Segment Open

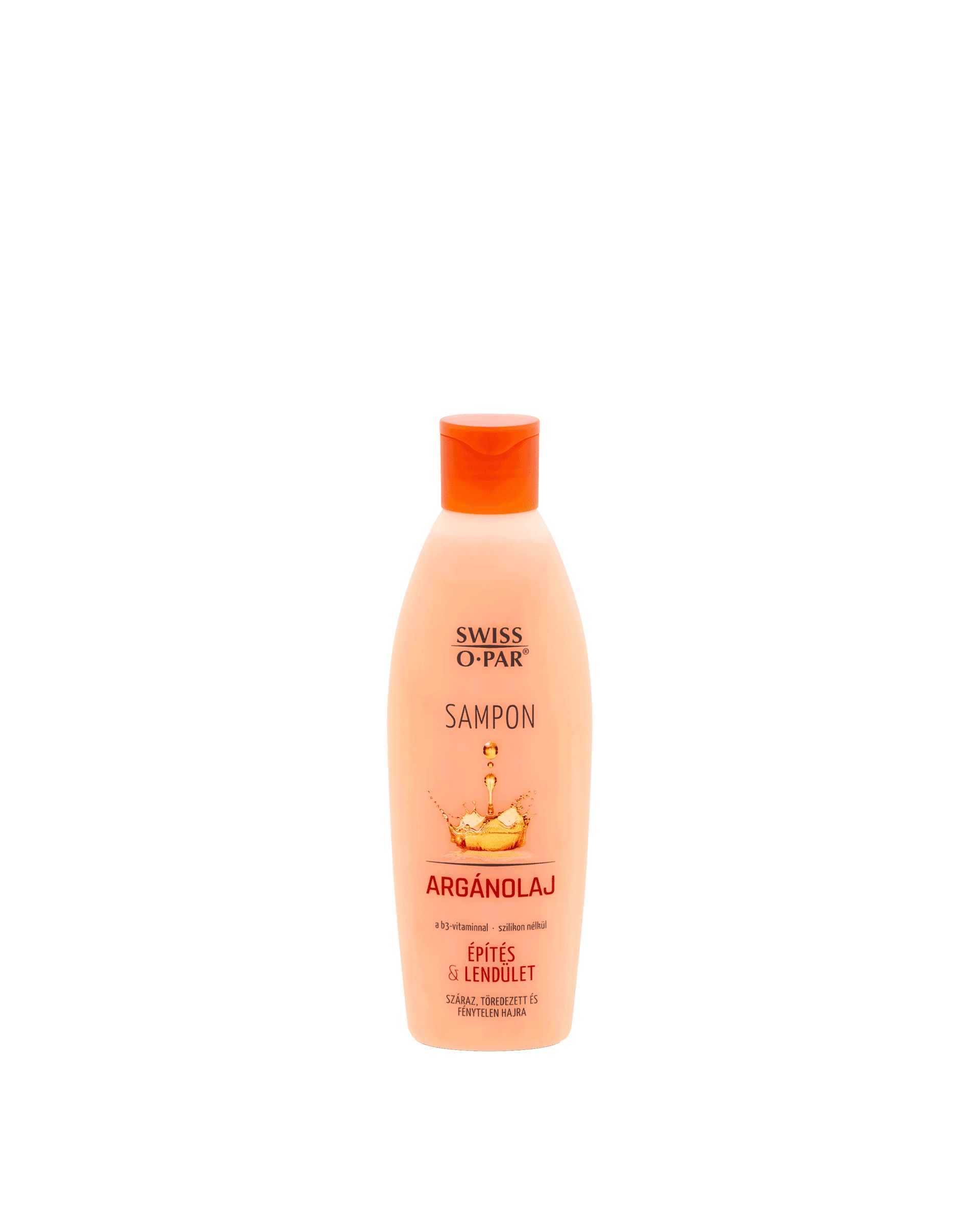 Swiss-O-Par Shampoo argan oil for dry, brittle & dull hair, 250 mL –  Peppery Spot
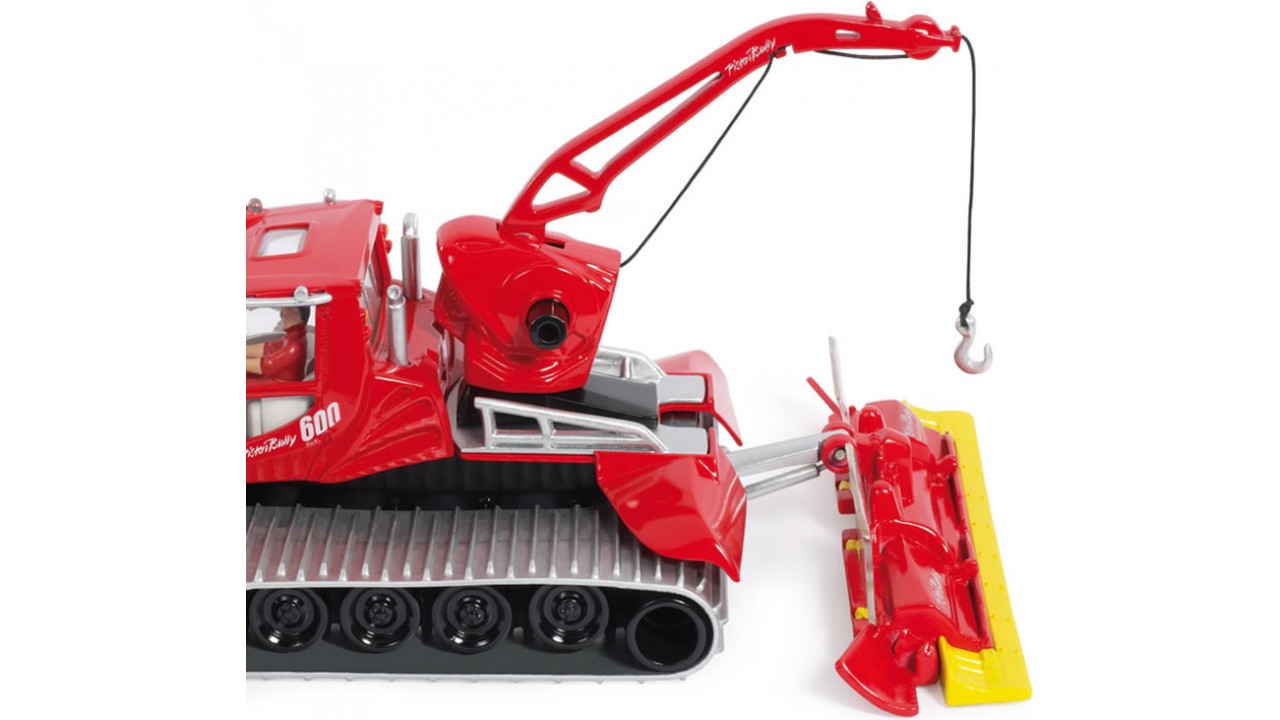 Коллекционная модель Ратрак PistenBully 600 Siku, 4914 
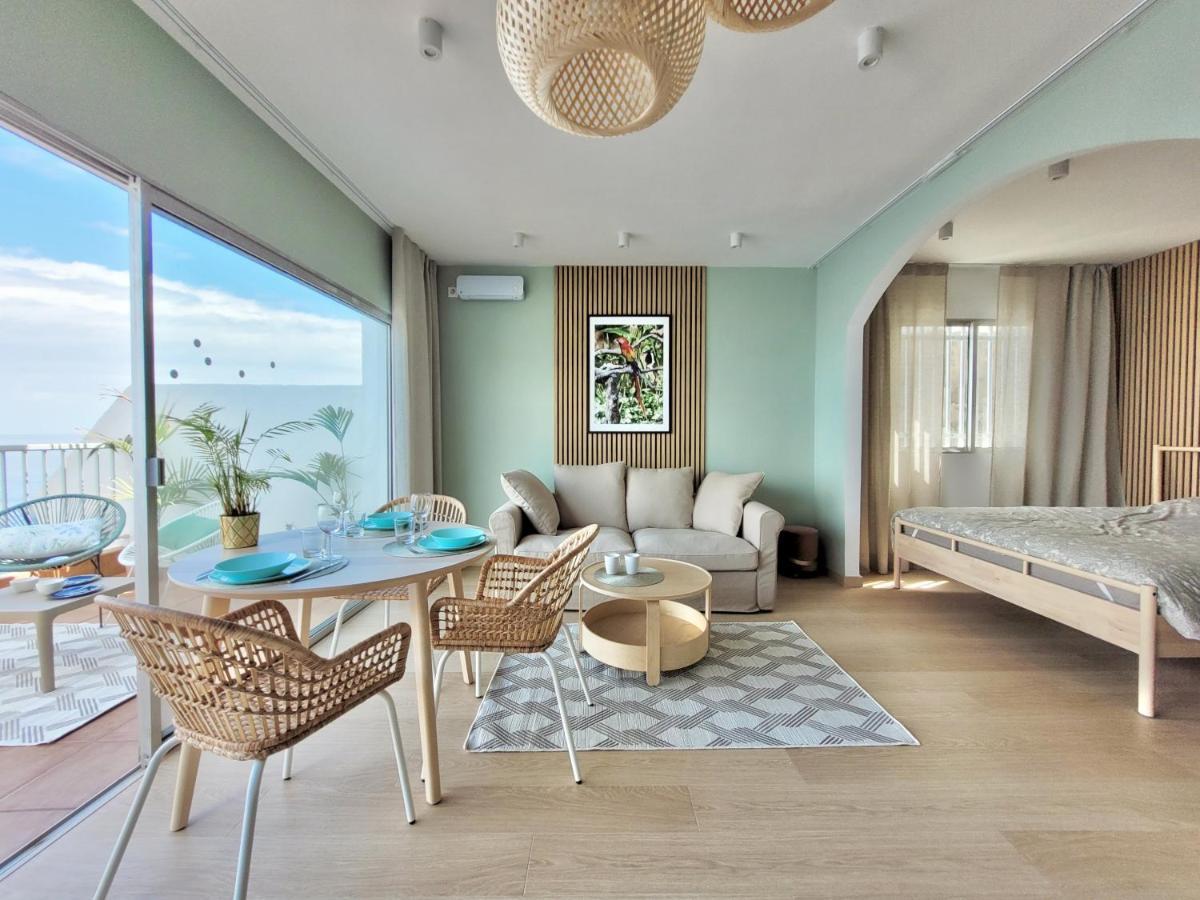 Ocean Blue Studio Пуерто де ла Крус Екстериор снимка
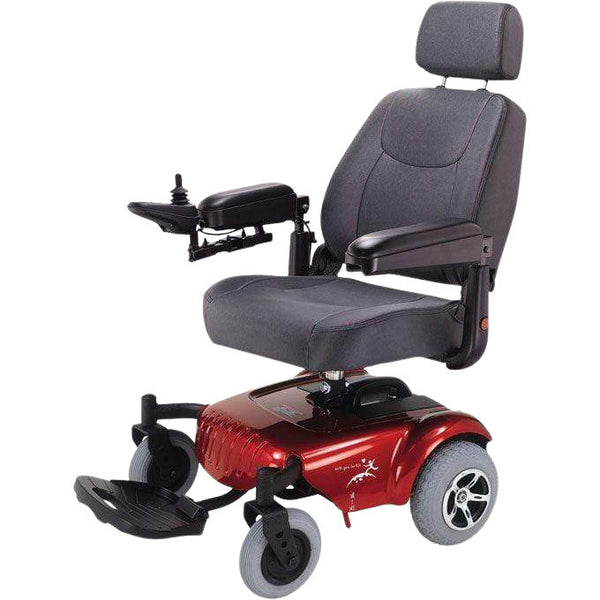 Merits USA Power Wheelchairs Junior P320 Power Chair by Merits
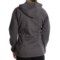 9034Y_2 Avalanche Heather Hooded Soft Shell Jacket - Windproof (For Women)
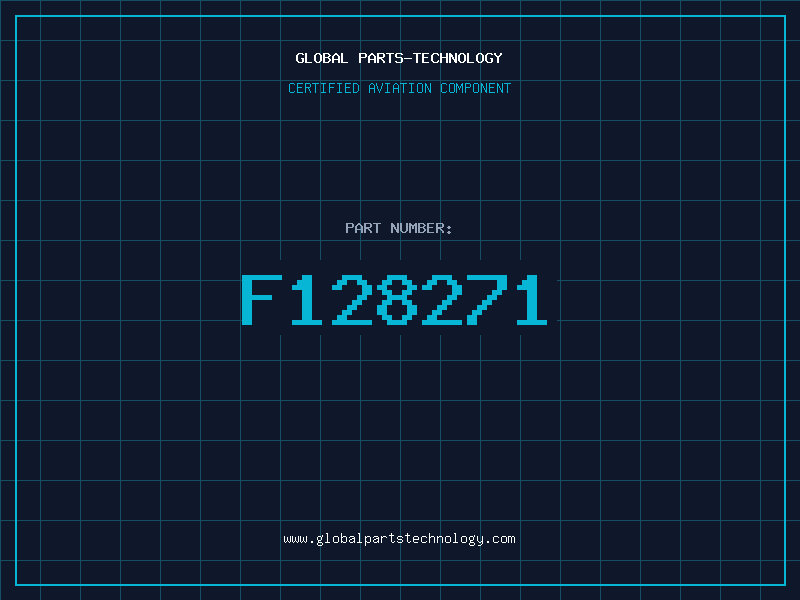 Aviation Part F128271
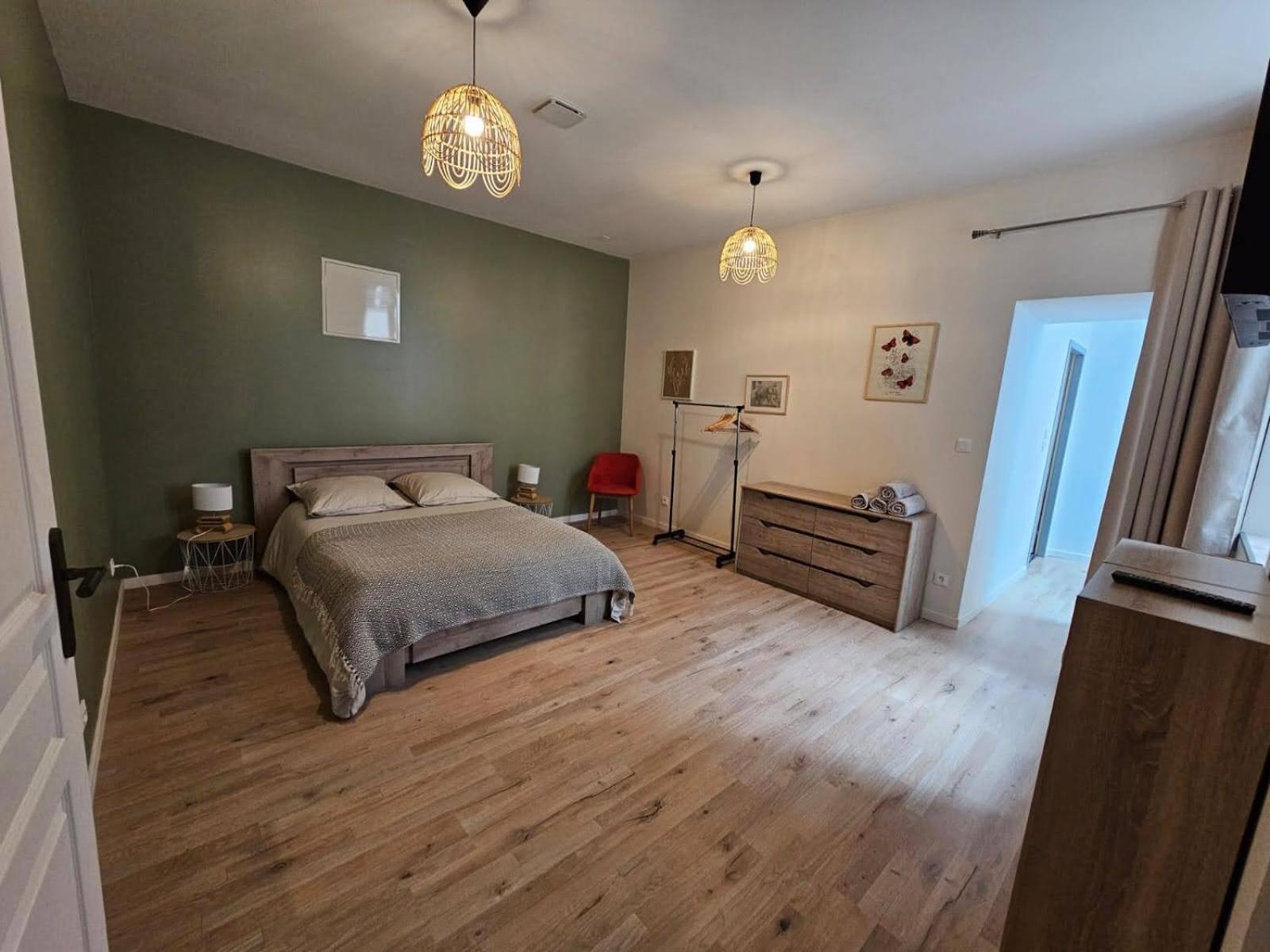 Les Appartements De Lucie Eaux-Bonnes Kültér fotó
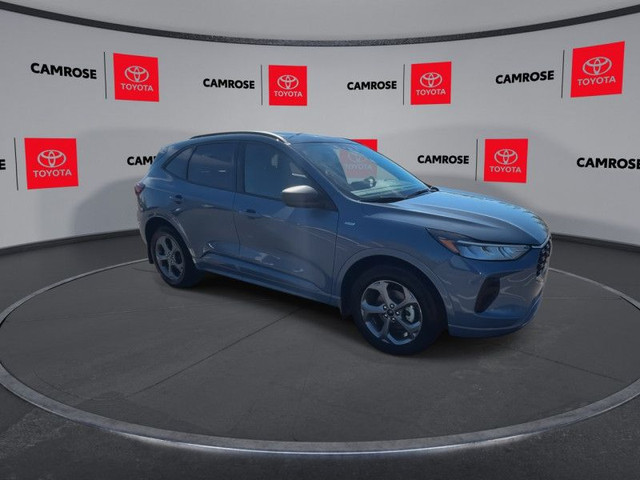 2024 Ford Escape ST-Line - Aluminum Wheels - Apple CarPlay in Cars & Trucks in Edmonton - Image 2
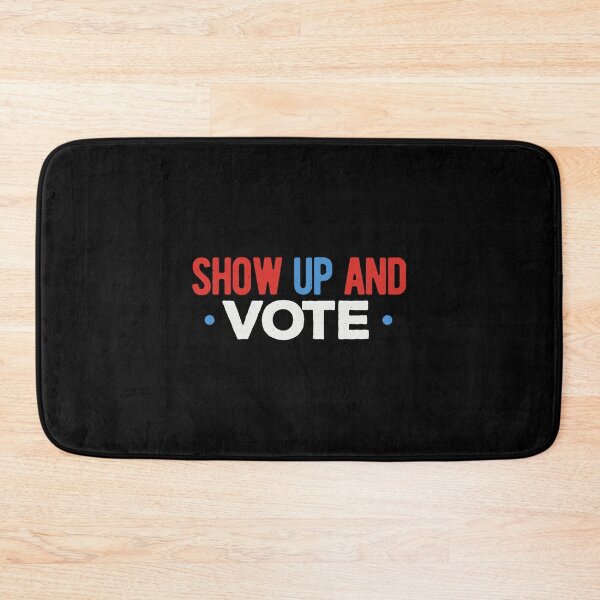 Item preview, Show Up And Vote designed and sold by artworkbyrihen.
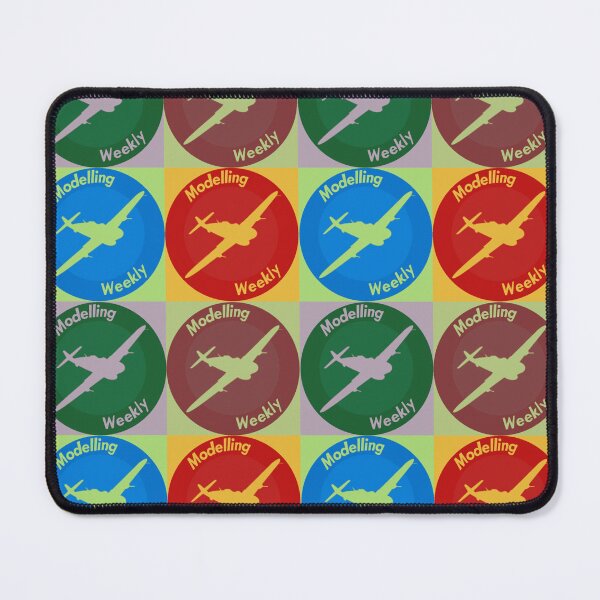 Item preview, MW Pop Art Logo Print designed and sold by MW-Official.
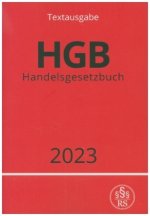 Handelsgesetzbuch - HGB 2023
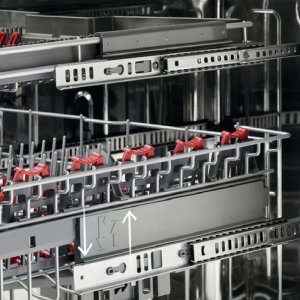 ჭურჭლის სარეცხი მანქანა AEG FSM71507P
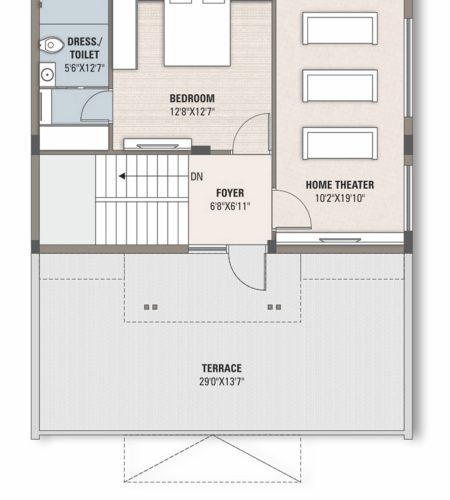 Second Floor Plan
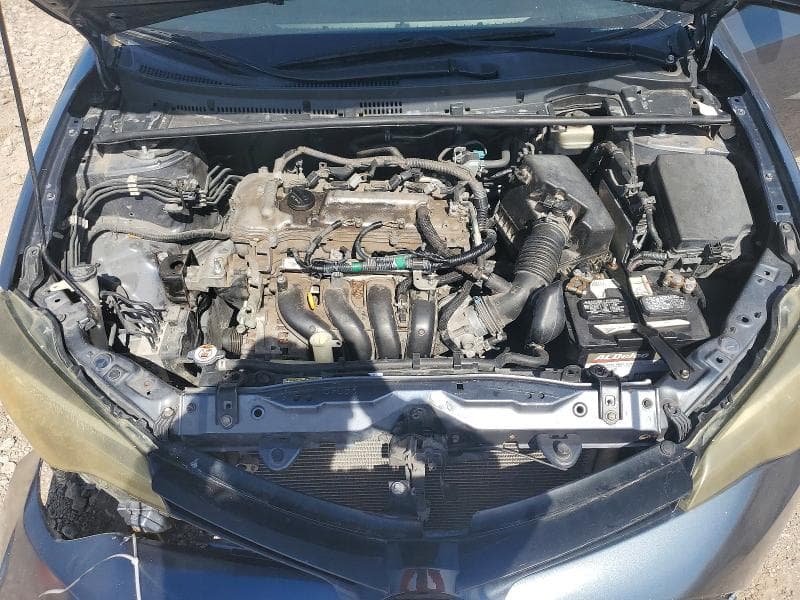2018 TOYOTA COROLLA LE 11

Segment Closed

All lines from the one bearing "Merits USA Power" through the last line of the records, and only those, should be duplicated exactly; no picture belongs in the copy.

• _Solution for this exercise_:
 Merits USA Power Wheelchairs Junior P320 Power Chair by Merits
 9034Y_2 Avalanche Heather Hooded Soft Shell Jacket - Windproof (For Women)
 Aviation Part F128271
 Les Appartements De Lucie Eaux-Bonnes Kültér fotó
 2024 Ford Escape ST-Line - Aluminum Wheels - Apple CarPlay in Cars & Trucks in Edmonton - Image 2
 Item preview, Show Up And Vote designed and sold by artworkbyrihen.
 Item preview, MW Pop Art Logo Print designed and sold by MW-Official.
 Handelsgesetzbuch - HGB 2023
 ჭურჭლის სარეცხი მანქანა AEG FSM71507P
 Second Floor Plan
2018 TOYOTA COROLLA LE 11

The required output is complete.